OASIS Mailing List ArchivesView the OASIS mailing list archive below
or browse/search using MarkMail.

 


Help: OASIS Mailing Lists Help | MarkMail Help

 


 

   Re: [xml-dev] XML Schema considered harmful?

[ Lists Home | Date Index | Thread Index ]

From: "Michael Leditschke" <mike@ammd.com.au>


> In terms of the complexities of specs, yes XML Schema Part 1 makes
> difficult reading but the Primer, Part 0, is quite readable and, to
> their credit, was updated with each release of the spec. It covers the
> ground and I have only occasionally had to refer to Part 1, despite
> designing schemas using a large percentage of the supported constructs.

I had the experience of being *very* familiar with the XML Schema specs,
then going away for a few months.  When I returned, I found them quite
difficult to fathom.  There have been several times when I have not been 
able to answer user's (of our validator) questions and have had to rely on 
another Schema expert here.

The issue is not whether it is possible to become a fulltime expert in XML Schemas;
the issue is how much protocol designers should be required to cope with,
and whether IETF should support plurality or be exclusive.

IETF has so far been build on making layers to support plurality, allowing
protocols to thrive on their own.  XML Schemas is monolithic and badly
architected: it will be very difficult to upgrade the bits that are incomplete
(keys and datatypes) because of this. 
  
> I may have missed it, but the support in RELAX NG seems, by the nature of
> RELAX NG, purely structural. I assume I will need to add Schematron to the
> mix, which is the same situation as with XML Schema currently. 

Thanks for the plug! However there is (at least) one significant difference:
Schematron has not been designed with streaming implementations in mind
(and I am not aware of any streaming implementations):  a schema language 
that requires a DOM be built is not suitable for high-speed transaction validation 
over the Web, which is what we are talking about.  

Now, I am aware of people who have used Schematron for testing incoming
pages and generating custom pages to return to the user to ask them
for missing or incorrect information. But that is a different area. 

> I've probably completely missed the point here, but doesn't an XML Schema
> that only has one global element achieve the above? Maybe its a matter of
> semantics but that's how it's panned out in practice for me thus far.

But then you cannot use subsititution groups:  this is the kind of complexity 
that James is talking about I think--the complexity when using one
feature makes another disappear arbitrarily. 
  
> Don't get me wrong - I don't receive regular brown paper envelopes with
> W3C in the return address, and I'm not saying XML Schema hasn't got warts,
> but its there and supported and to me, its not the **HUGE** conceptual
> and learning leap it seems to be painted as in this newsgroup. It achieved
> my 80% and got the project in on time. In the process a number of other
> organisations had to climb the same learning curve and got there.
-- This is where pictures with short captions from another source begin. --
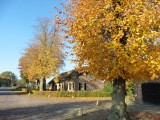 29 Oktober 2015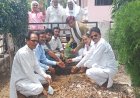 सूरौठ में आदिवासी दिवस पर संगोष्ठी आयोजित, मंदिर परिसर में किया पौधरोपण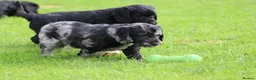 Cockapoo dogs for sale: Beautiful Cockapoo puppies for sale  - Advert 29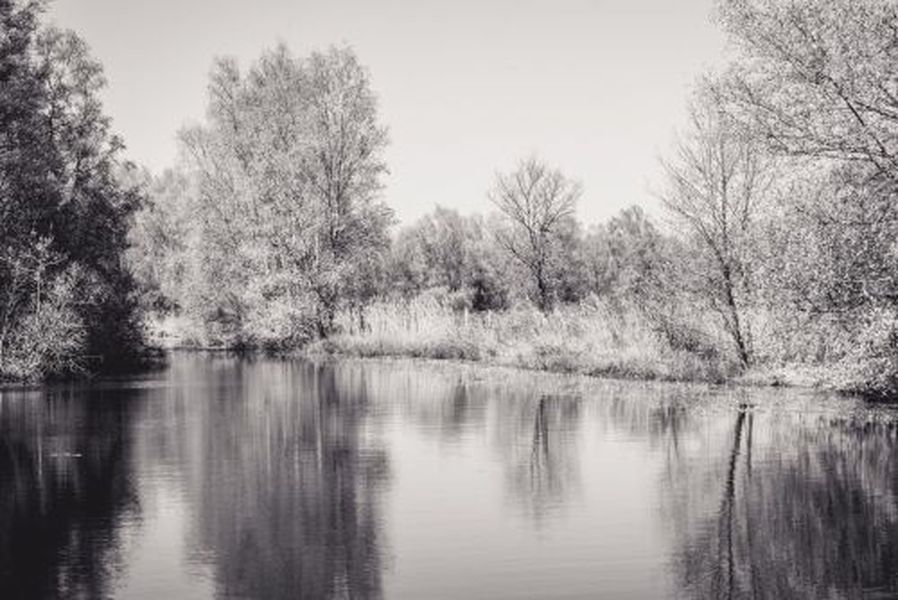 Balade nature - Le marais au crépuscule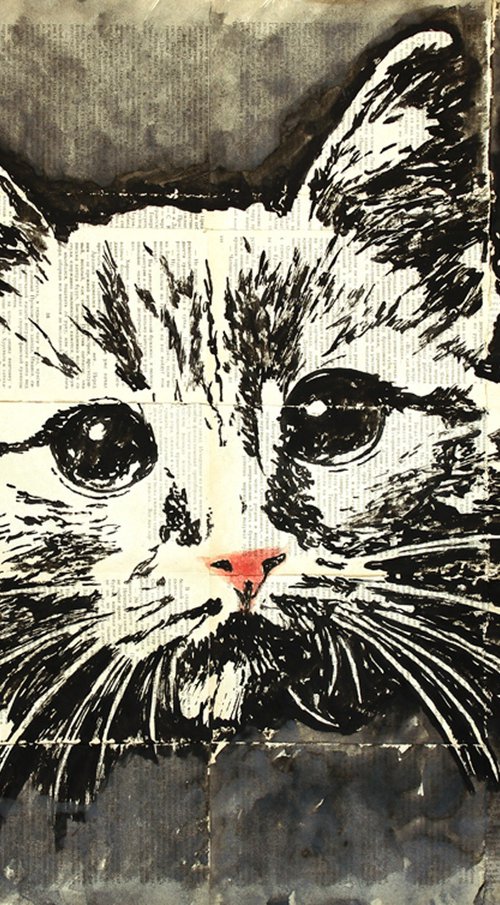 Cat. by Marat Cherny
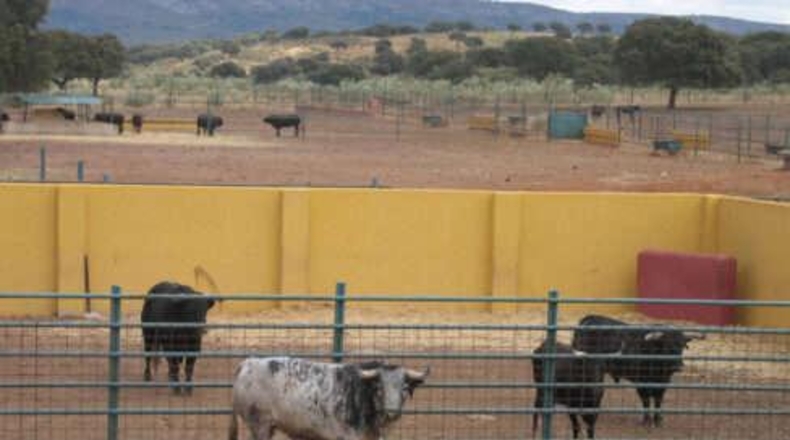 Comunidad de Madrid - Torrejón de Ardoz - 50000m2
Were these projects IETF protocols? and  are you are an XML or schema
expert or, as we can expect IETF people to be,  are you only using XML 
because it will be more convenient than rolling your own syntax and you
are not an expert?   If I were developing a protocol, I would be
take some convincing that XML Schemas was not overkill for my
requirements.   

> James is emphatic, and that is only natural, but his arguments paint
> issues as black and white (XML Schema = bad, RELAX NG = good) and my
> experience with XML Schema suggests shades of grey.

But it is not James who is being black and white: it is the draft RFC wanting to 
ban the use of RELAX NG! (and, Schematron or the DSDL effort for that matter!)
 
> To my mind, the bigger issue to decide is how many schema langauges
> the IETF want appearing in RFCs. Simply allowing both means that RFC
> readers have to learn both. And since RELAX NG focusses on structure,
> what will be used to express content based co-constraints? Perhaps it
> would be better to be arguing for DSDL.

DSDL is an ISO standard in several parts, and I think the ISO WG involved
is very keen to not repeat the mistakes of XML Schemas w.r.t premature
standardization.  So the technologies that are mature (now RELAX NG,
shortly Schematron) are being standardized. 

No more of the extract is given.